WORK TO COMPLETE: Write the listing below out again word for word, without a single picture.

DATA BLOCK:
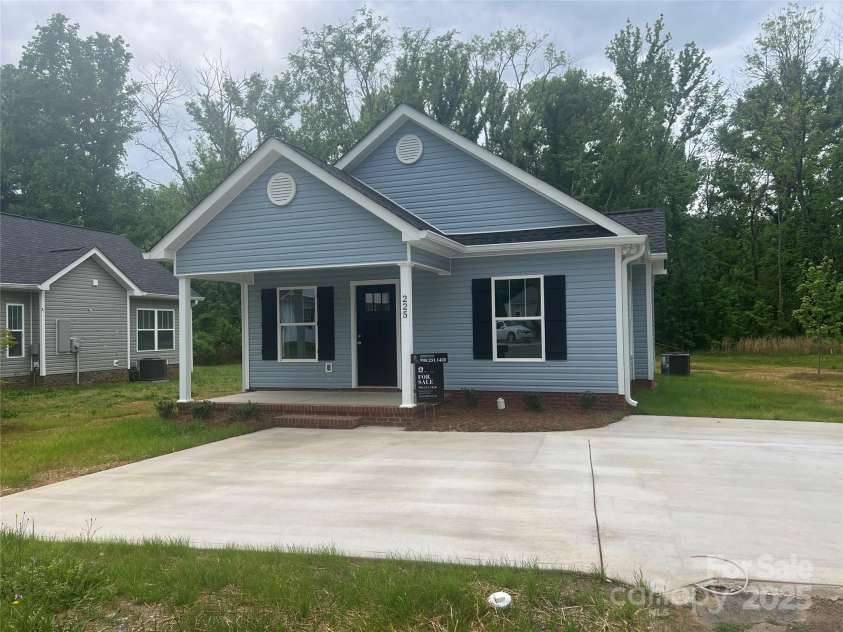 225 Baker Street, Rock Hill, SC 29730.  MLS# CAR4251127, YatesRealty ID 12729. 
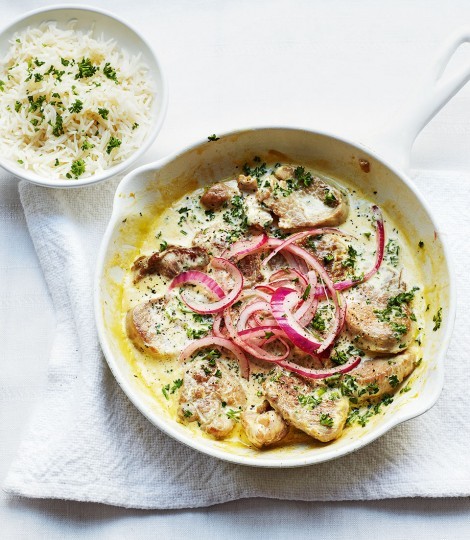 Pork loin with pickled red onion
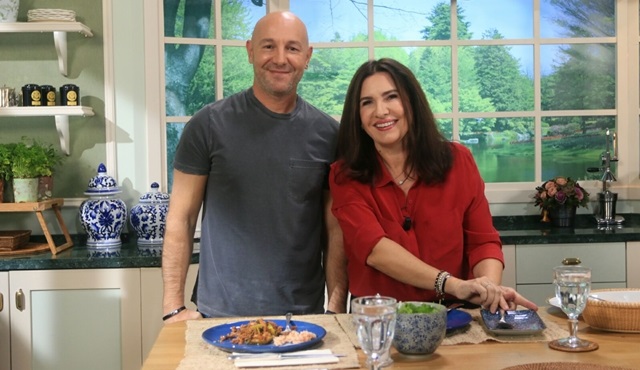 Çağan Irmak, ‘Sedefli Lezzetler’ programında yemek yaptı!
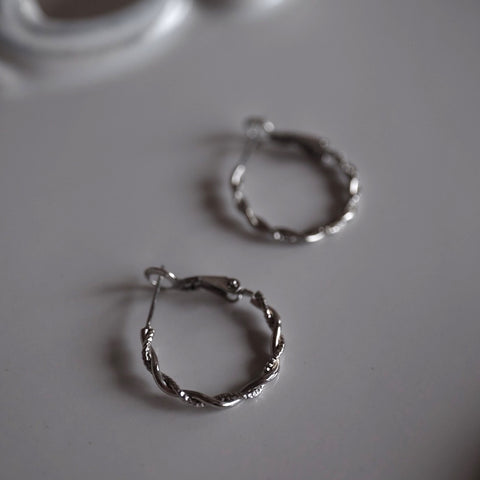 鈦鋼麻花圈圈耳環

ANSWER SPACE:
 225 Baker Street, Rock Hill, SC 29730.  MLS# CAR4251127, YatesRealty ID 12729. 
 Pork loin with pickled red onion
 Çağan Irmak, ‘Sedefli Lezzetler’ programında yemek yaptı!
 鈦鋼麻花圈圈耳環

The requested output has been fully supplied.